Adam Williamson awilliam at redhat.com
Mon Feb 1 23:18:47 UTC 2010


On Sat, 2010-01-30 at 10:31 -0500, Colin Walters wrote:
> On Sat, Jan 30, 2010 at 1:20 AM, Adam Williamson <awilliam at redhat.com> wrote:
> >
> > Well, reboot is a one-time operation; if there's only one user logged
> > in, they can only affect themselves by rebooting.

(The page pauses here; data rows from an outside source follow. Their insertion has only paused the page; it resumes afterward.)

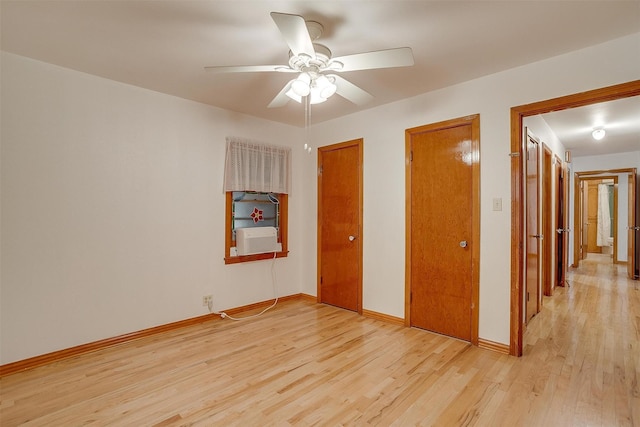 1245 Hodgson St, Fort Worth, TX 76115 - unfurnished bedroom featuring light wood finished floors, baseboards, a ceiling fan, and cooling unit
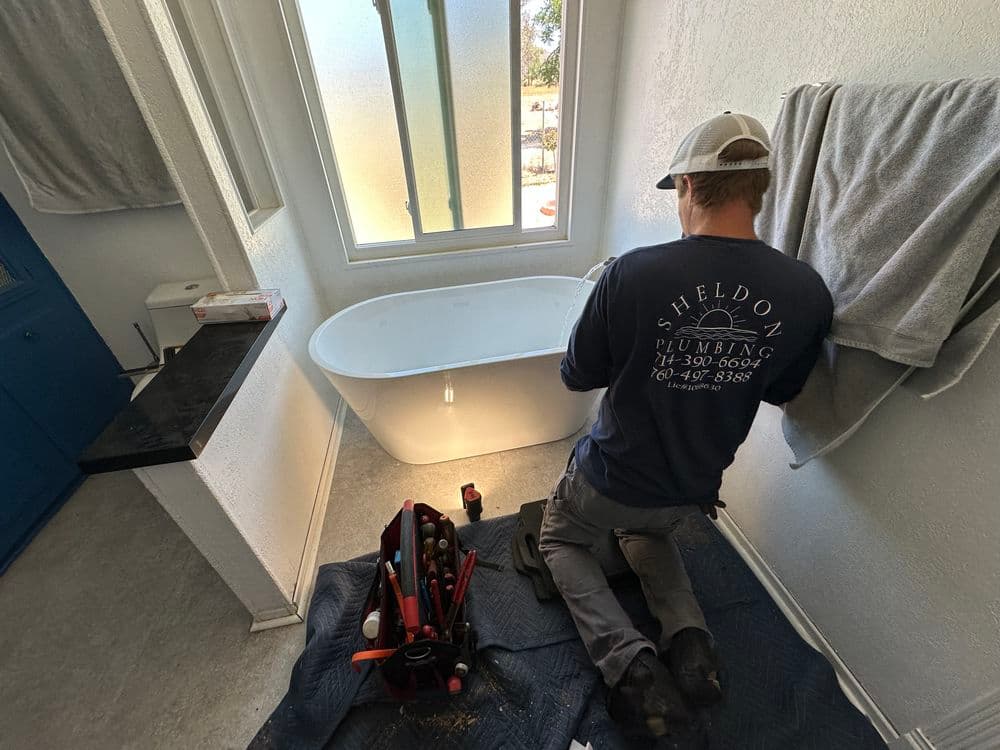 Plumber installing a modern freestanding bathtub in a bright, renovated bathroom.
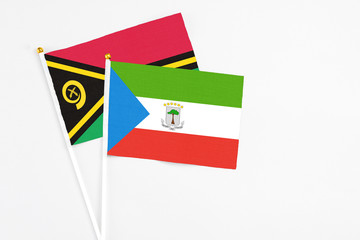 Equatorial Guinea and Vanuatu stick flags on white background. High quality fabric, miniature...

Adjusting the clock or
> > installing new software isn't the same.
> 
> Ok, actually "one time" feels like there's a more general principle at
> work here, which is the degree to which the operation could
> potentially affect other users.

As it says in the second paragraph:

"An unprivileged user without administrative authentication must not be
able to change the behavior of the system "as a whole" (as viewed by
other users or by network clients), unless the system behavior is
intended to be dependent on the actions of the unprivileged user."

> For example, there's a pretty wide gulf between "install new desktop
> app" (other users see a new menu entry) and "start or stop system
> daemons" (can easily break printing, networking, or just crash the.
> Changing the system time is in between there.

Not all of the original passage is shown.